Annie Cohen Kopchovsky’s (a/k/a Annie Londonderry) bike ride between 1894 and 1895 was, the New York World declared, the most extraordinary journey ever undertaken by a woman. The married mother of three children under the age of six was attempting to become the first woman to ride around the world by bicycle. The name “Londonderry” came from the first of several corporate sponsors of her journey, The Londonderry Lithia Spring Water Company of Nashua, New Hampshire. Though she is often heralded as the first woman to circle the world on a bicycle, there is much more to her story!
The trip was reported to have began by a wager that required Annie not only to circle the earth by bicycle in 15 months, but to earn $5,000 en route, as well. A $10,000 prize, an enormous sum in the 1890s, would be given to her if she succeeded. This was no mere test of a woman’s physical endurance and mental fortitude; it was a test of a woman’s ability to fend for herself in the world.

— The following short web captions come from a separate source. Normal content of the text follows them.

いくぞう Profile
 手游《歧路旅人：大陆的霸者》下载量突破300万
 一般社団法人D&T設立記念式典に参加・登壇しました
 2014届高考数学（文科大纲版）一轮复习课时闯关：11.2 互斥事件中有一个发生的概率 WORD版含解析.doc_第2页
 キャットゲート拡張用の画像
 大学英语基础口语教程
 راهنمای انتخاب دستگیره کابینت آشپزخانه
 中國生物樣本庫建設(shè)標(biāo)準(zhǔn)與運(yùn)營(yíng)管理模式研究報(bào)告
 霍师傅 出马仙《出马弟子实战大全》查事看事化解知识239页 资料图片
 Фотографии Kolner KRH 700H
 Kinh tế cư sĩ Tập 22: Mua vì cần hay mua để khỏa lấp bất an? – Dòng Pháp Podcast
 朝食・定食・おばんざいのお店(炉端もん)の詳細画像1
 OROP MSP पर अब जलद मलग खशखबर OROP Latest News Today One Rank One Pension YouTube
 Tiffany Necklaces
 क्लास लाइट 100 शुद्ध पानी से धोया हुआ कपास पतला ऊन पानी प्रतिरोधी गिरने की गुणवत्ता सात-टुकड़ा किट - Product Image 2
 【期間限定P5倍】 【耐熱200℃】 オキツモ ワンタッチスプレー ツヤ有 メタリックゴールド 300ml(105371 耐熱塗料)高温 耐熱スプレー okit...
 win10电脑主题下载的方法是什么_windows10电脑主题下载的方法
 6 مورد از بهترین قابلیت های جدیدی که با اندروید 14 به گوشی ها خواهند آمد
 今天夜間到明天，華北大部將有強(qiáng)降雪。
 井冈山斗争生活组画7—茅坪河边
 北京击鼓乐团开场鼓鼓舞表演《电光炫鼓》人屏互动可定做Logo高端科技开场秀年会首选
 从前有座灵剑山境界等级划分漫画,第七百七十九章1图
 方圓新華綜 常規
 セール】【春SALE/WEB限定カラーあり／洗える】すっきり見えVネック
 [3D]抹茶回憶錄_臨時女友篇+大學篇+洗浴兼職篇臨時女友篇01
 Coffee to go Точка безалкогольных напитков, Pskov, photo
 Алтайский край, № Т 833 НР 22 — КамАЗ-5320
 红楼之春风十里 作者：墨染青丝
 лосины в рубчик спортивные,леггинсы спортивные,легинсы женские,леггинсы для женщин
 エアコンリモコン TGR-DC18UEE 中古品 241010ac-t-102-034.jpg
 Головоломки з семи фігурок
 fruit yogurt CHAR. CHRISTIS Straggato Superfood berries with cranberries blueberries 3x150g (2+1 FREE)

Annie turned every Victorian notion of female propriety on its ear. Not only did she abandon, temporarily, her role of wife and mother, but for most of the journey she rode a man’s bicycle attired in a man’s riding suit. She earned her way by selling photographs of herself, appearing as an attraction in stores, and by turning herself into a mobile billboard, renting space on her body and her bicycle to advertisers eager to benefit from this colorful spectacle on wheels.
Outlandish, brash, and charismatic a master of public relations, a consummate self-promoter, and a skillful creator of her own myth Annie was a woman of boundless chutzpah. Indeed, as Annie Cohen Kopchovsky reinvented herself as a new woman “the daring globetrotter and adventurer, Ms. Annie Londonderry“ she became one of the most celebrated women of the 1890s.